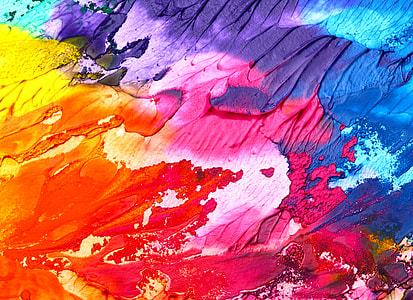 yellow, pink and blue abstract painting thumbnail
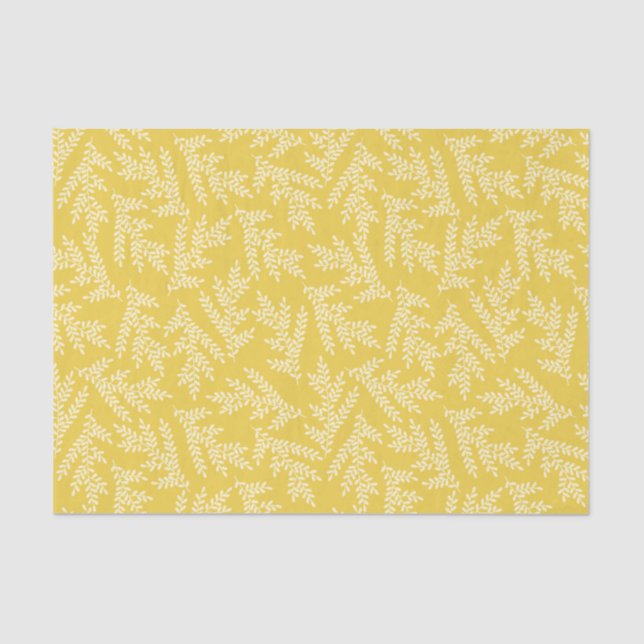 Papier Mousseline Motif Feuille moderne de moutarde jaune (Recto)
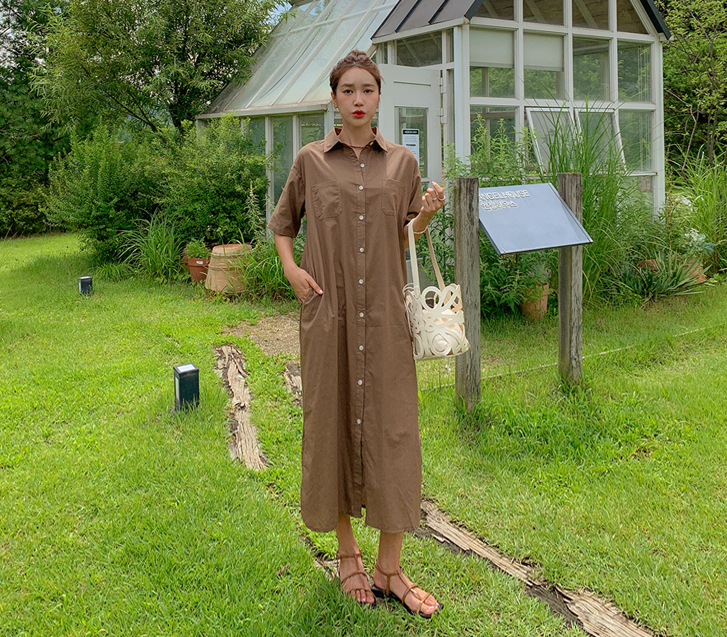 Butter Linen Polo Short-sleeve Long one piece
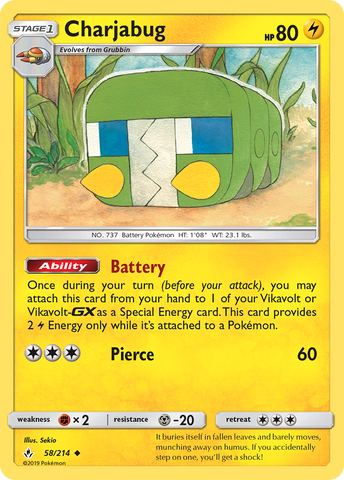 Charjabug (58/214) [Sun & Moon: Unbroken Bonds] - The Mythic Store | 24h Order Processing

**Exercise:**
Leave the pictures out, and reproduce only the lines from the line holding "Papier Mousseline Motif" through the last line of the material, both included.

**Output for this task:**
 Papier Mousseline Motif Feuille moderne de moutarde jaune (Recto)
 Butter Linen Polo Short-sleeve Long one piece
 Charjabug (58/214) [Sun & Moon: Unbroken Bonds] - The Mythic Store | 24h Order Processing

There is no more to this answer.